BEGIN

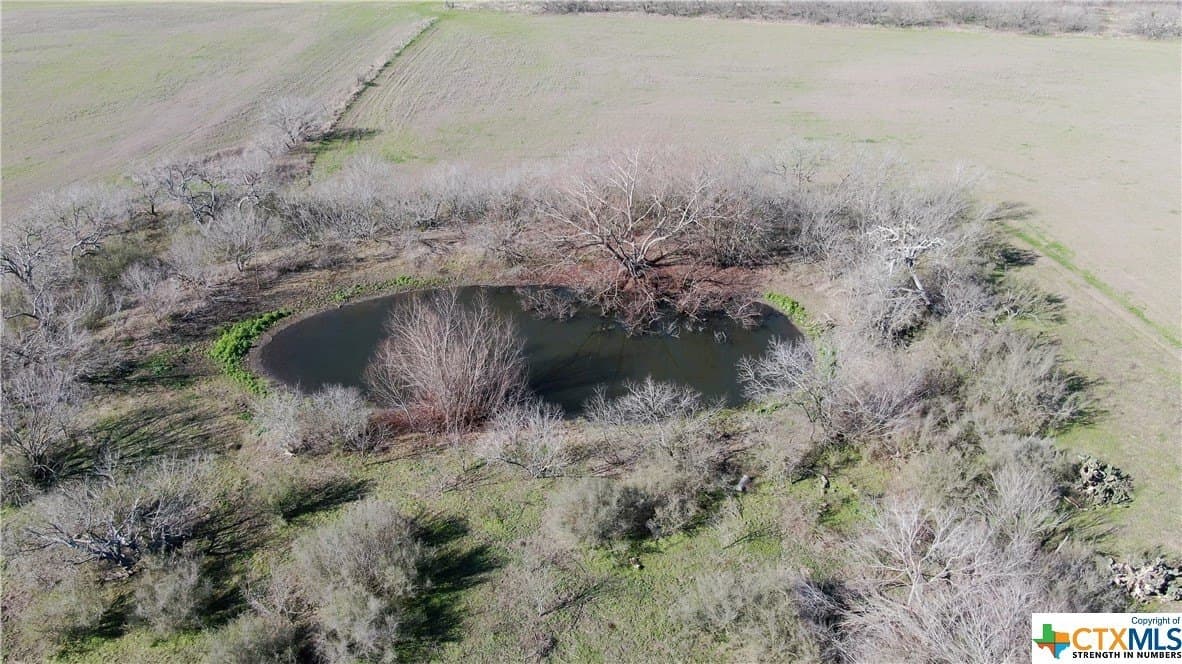 88 acres in Guadalupe County - photo 8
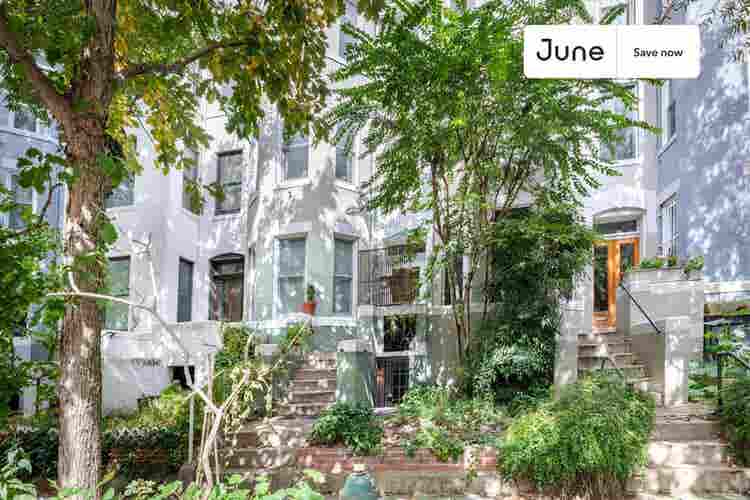 Studio in Washington DC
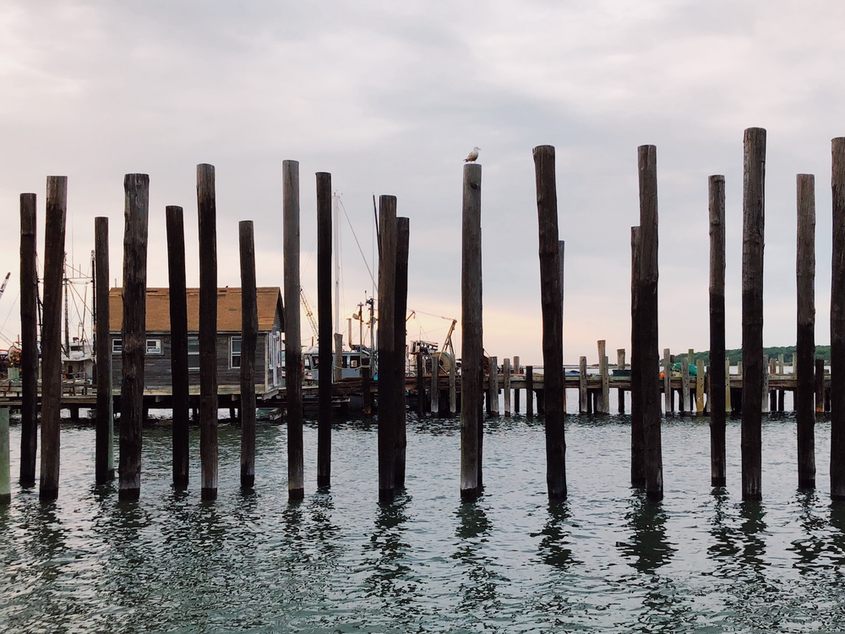 Family-run wineries, orchards, farms, and seafood shacks characterize Long Island’s North Fork.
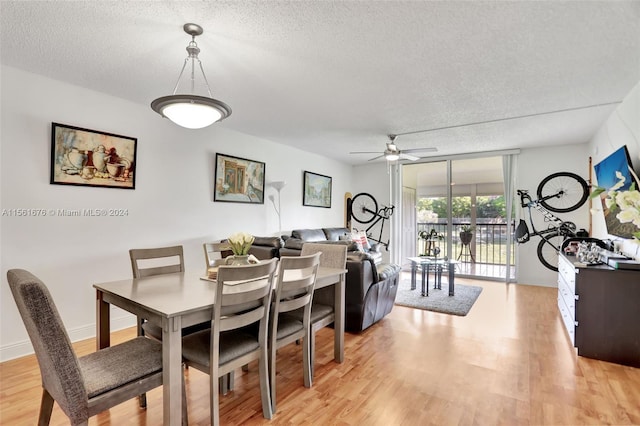 dining space featuring ceiling fan, light hardwood / wood-style flooring, and a textured ceiling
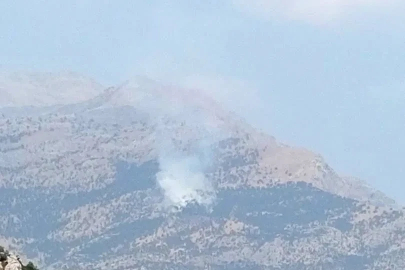 Baykan’da Kalems Dağı’nda yangın
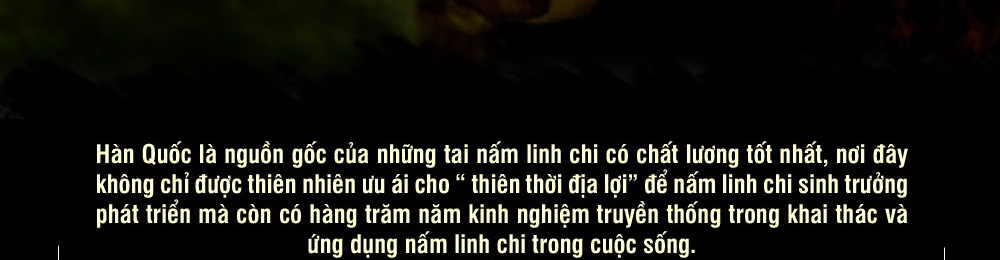 nấm linh chi thượng hoàng hàn quốc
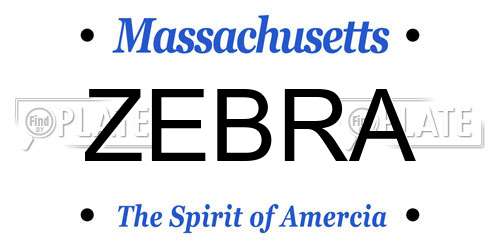 ZEBRA Massachusetts License Plate
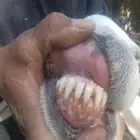 خروف حري جبار وعظم شرط القريع على السوم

END

> [ASSIGNMENT]:
Set down, in exact form, only the lines that start at the one containing "Family-run wineries, orchards, farms, and" and finish at the last line of the material; pictures do not go in.

> [FINISHED TASK]:
 Family-run wineries, orchards, farms, and seafood shacks characterize Long Island’s North Fork.
 dining space featuring ceiling fan, light hardwood / wood-style flooring, and a textured ceiling
 Baykan’da Kalems Dağı’nda yangın
 nấm linh chi thượng hoàng hàn quốc
 ZEBRA Massachusetts License Plate
 خروف حري جبار وعظم شرط القريع على السوم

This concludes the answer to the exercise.